*Your task*: Every line with "Beach" in it must be copied from the data.
[Data for analysis — start]
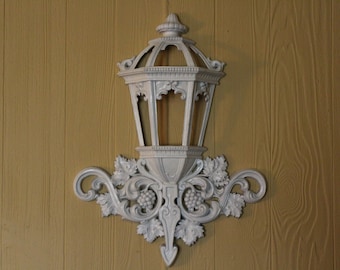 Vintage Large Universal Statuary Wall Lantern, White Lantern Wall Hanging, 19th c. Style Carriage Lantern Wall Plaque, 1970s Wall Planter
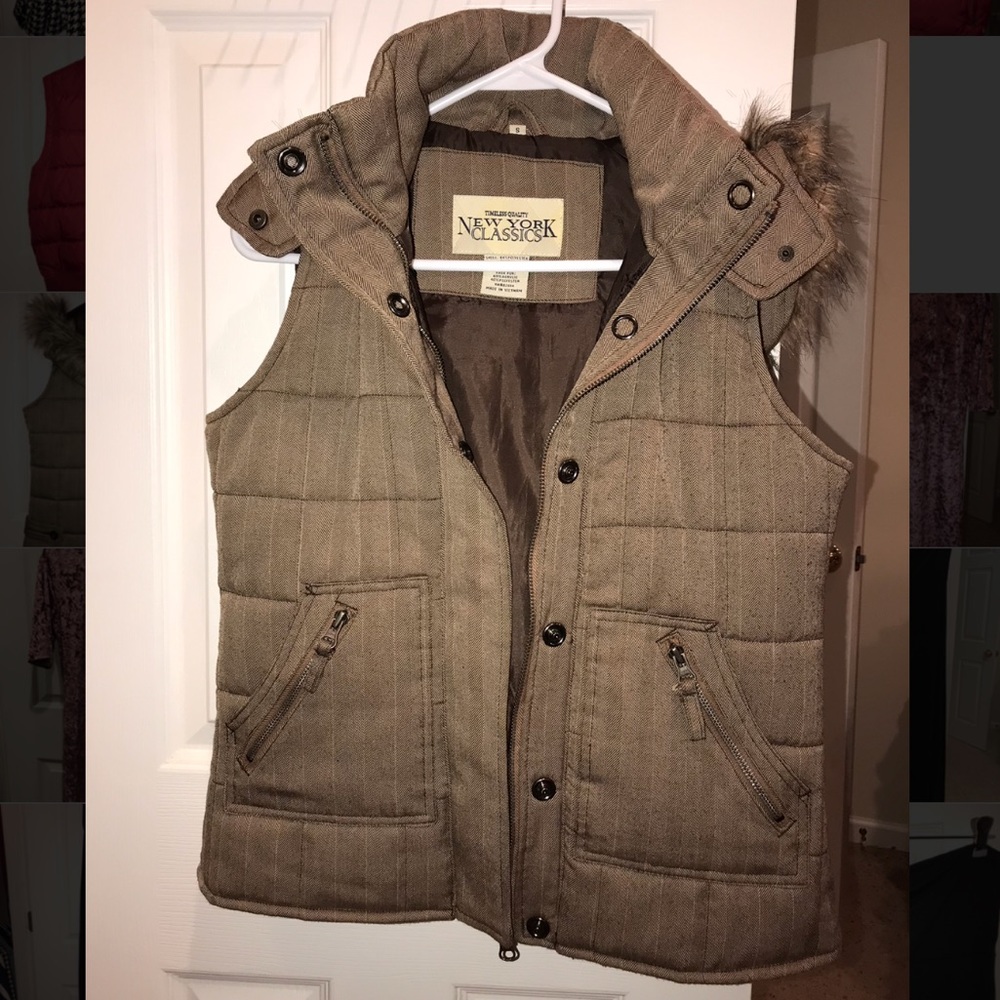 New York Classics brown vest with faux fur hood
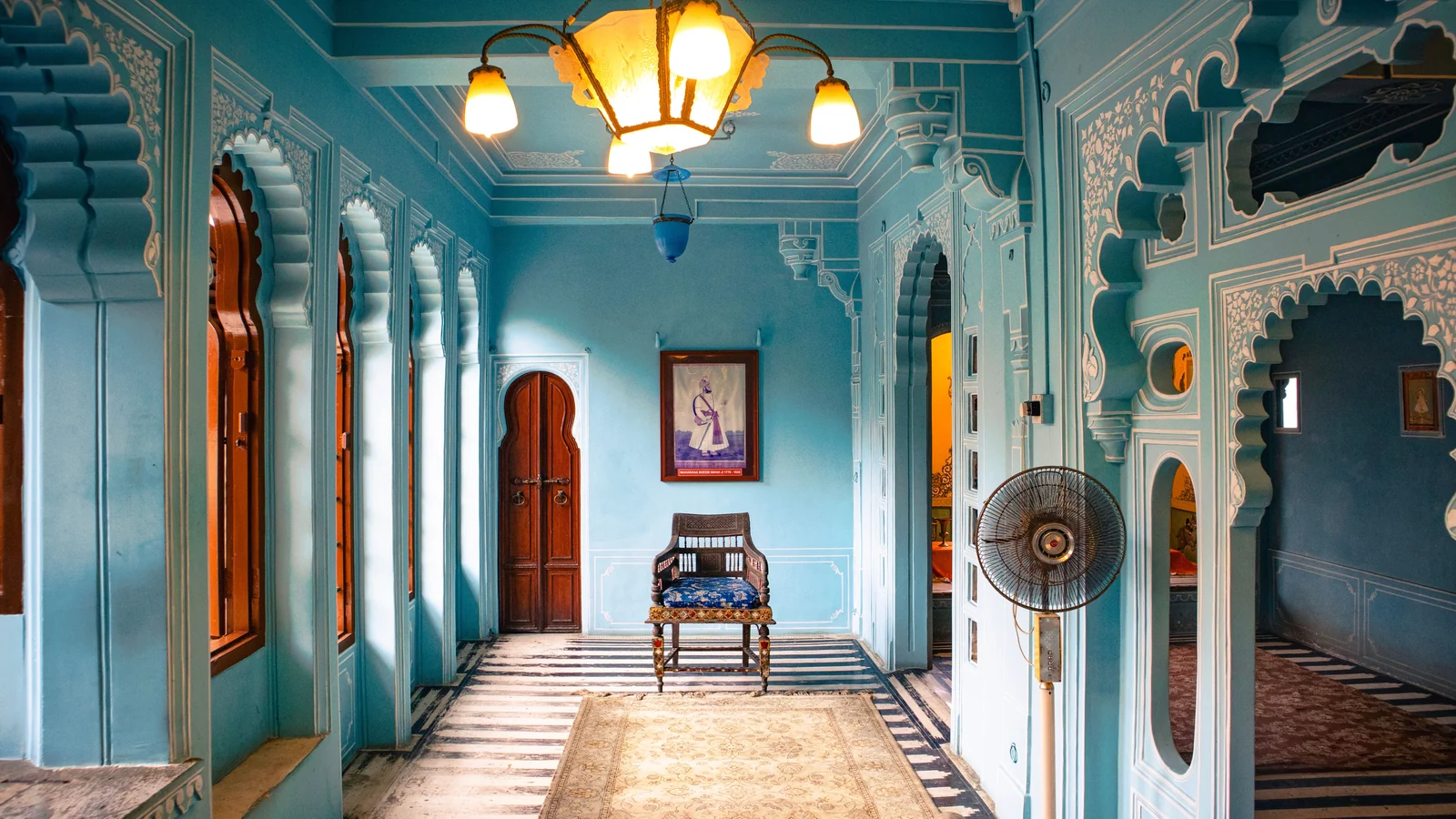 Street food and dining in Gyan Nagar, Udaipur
[Data for analysis — finish]
[Data for analysis — start]
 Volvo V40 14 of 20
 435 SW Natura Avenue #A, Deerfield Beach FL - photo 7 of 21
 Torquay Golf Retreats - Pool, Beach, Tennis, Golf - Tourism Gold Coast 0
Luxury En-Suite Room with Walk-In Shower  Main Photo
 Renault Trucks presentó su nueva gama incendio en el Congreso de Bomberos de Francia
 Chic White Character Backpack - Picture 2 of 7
[Data for analysis — finish]
*Final answer*:
 435 SW Natura Avenue #A, Deerfield Beach FL - photo 7 of 21
 Torquay Golf Retreats - Pool, Beach, Tennis, Golf - Tourism Gold Coast 0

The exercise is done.